Not sure what this means? I’ve attached the notice that Rockville Town Center mailed to adjacent residents and property owners, which includes more details, a site plan, and a ground floor plan. This is a controversial project because it will add to an already overcrowded cluster of schools. Beall Elementary School, for example, has a capacity of 641 students but currently stands at 793 students and has an average class size of 37 students for grades 1-3–and it’s projected to increase during the next couple years. It’s also become the focus of the Mayor and Council’s plan for Town Center II, the phase of development north of Town Square. The community seems to be split over whether this next phase should be densely developed like an urban downtown or more low slung like a suburban strip mall.
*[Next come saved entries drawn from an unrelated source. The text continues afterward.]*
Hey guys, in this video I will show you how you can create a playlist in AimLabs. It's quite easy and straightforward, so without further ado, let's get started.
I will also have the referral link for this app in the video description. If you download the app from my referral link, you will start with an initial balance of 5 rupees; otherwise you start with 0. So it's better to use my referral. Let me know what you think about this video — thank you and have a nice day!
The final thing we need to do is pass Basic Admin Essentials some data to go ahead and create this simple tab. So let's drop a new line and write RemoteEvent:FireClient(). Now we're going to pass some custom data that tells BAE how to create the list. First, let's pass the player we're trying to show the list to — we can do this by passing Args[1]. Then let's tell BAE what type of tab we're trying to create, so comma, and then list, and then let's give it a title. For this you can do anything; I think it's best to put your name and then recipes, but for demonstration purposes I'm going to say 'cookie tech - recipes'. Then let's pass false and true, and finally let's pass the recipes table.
The development review process was such a bloody experience in the past (remember Bealls Grant II, Victory Housing, and Twinbrook Commons?) that the Mayor and Council made major revisions recently, even creating a Citizen’s Guide to Development Review in Rockville. I’m not sure if it’s adequate, however. Neighbors are supposed to be notified by mail of future development, but it’s limited to a radius of 750 or 1250 feet from the project depending on its size and impact on traffic and residents (see Section 25, article 7 of the Rockville City Code). This is a major project in the city’s “heart,” but only the surrounding residents and property owners were notified. Most businesses in downtown weren’t included because they lease their spaces. Parents of students at Beall Elementary School will only hear about it if someone close to the project tells them about it. Notification needs to be broader and more public.
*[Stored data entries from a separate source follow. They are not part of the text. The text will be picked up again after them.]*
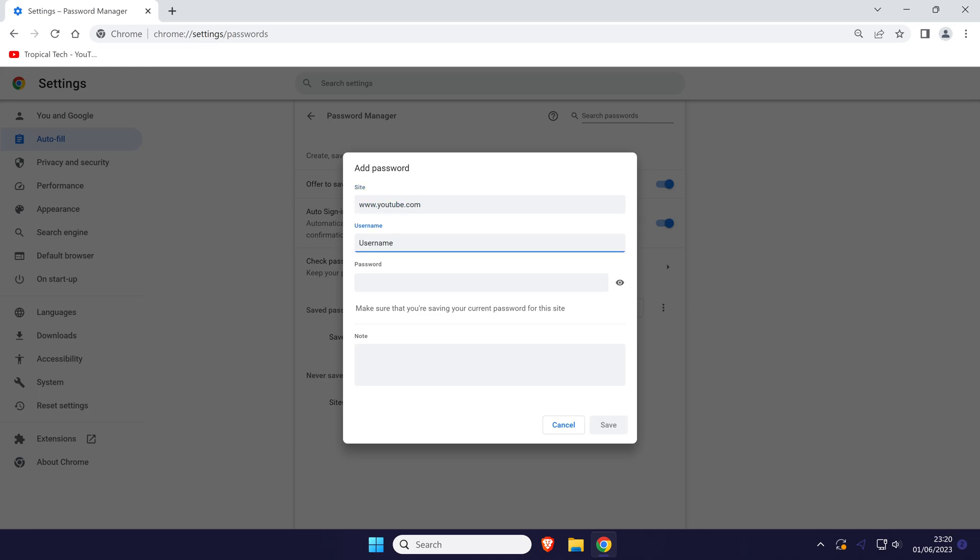Remember that the username could also be your email. Enter your password and then click on save in the bottom right.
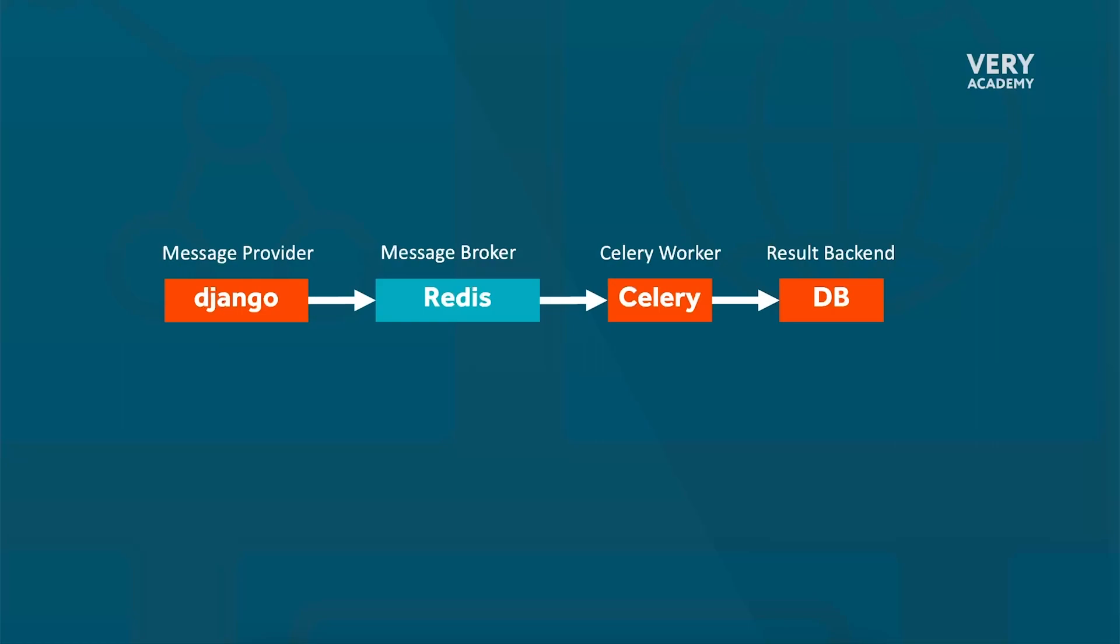The message broker receives the task from the message provider, stores them, and then puts them in a queue.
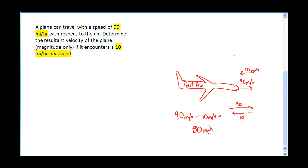Another way to look at this: I have a positive or rightward motion based on my picture, and a negative or leftward motion for the wind. So you can think of it as positive 90 and negative 10 — add those two vectors and the resultant vector is 80 miles per hour.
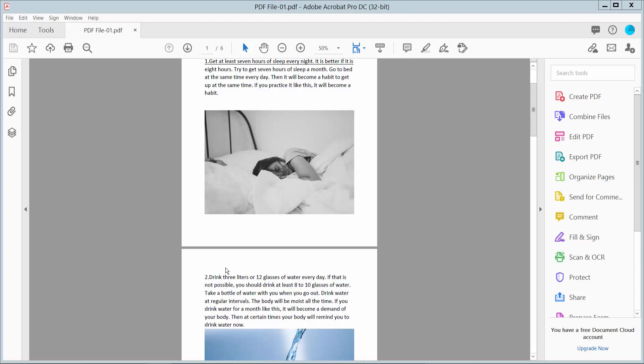Hello everyone! Today I will show you how to white out a picture on a PDF file using Adobe Acrobat Pro DC.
In my neighborhood of Twinbrook, I’ve had a similar experience recently. I wasn’t notified of a major development in my neighborhood, even though I live just a couple blocks away and share the same road as the project. Montgomery County Schools is planning to turn Broome Middle School into a Children’s Resource Center and a Holding School (a site that “holds” students temporarily while their school is closed for construction). Although it adds a 40,000 sf office building to a residential neighborhood and contributes to the traffic on an already busy Twinbrook Parkway that incredibly has three schools within a mile of each other (this would add a fourth), most of the neighborhood wasn’t notified. I also learned that in the crazy financial world of the school district, they have money to construct new buildings but not to remodel or maintain existing ones, leading to a perverse incentive to wait to collect enough money to build new and let the existing ones rot in the meantime. Really? Looks like the school board needs some lessons on prudence, stewardship, and recycling.